**Exercise:** Restate word for word the line with "Indianapolis Colts Route" and the rest of the listing after it, ending at the final line, and include nothing else.

**Information supplied:**
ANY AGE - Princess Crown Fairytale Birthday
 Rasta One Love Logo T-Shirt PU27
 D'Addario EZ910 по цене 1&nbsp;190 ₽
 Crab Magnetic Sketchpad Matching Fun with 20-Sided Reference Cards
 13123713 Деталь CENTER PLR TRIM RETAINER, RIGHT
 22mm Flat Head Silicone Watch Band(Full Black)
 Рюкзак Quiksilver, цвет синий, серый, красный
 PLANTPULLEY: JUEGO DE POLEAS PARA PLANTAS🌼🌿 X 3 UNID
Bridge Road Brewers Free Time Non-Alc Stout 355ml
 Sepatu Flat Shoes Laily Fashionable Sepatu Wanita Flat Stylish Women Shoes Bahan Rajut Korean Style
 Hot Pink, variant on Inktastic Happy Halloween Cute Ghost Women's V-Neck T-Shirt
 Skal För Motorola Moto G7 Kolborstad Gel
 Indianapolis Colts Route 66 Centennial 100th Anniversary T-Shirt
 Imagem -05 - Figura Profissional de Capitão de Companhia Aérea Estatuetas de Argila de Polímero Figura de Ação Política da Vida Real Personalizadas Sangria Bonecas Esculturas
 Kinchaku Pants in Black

**Result of this exercise:**
 Indianapolis Colts Route 66 Centennial 100th Anniversary T-Shirt
 Imagem -05 - Figura Profissional de Capitão de Companhia Aérea Estatuetas de Argila de Polímero Figura de Ação Política da Vida Real Personalizadas Sangria Bonecas Esculturas
 Kinchaku Pants in Black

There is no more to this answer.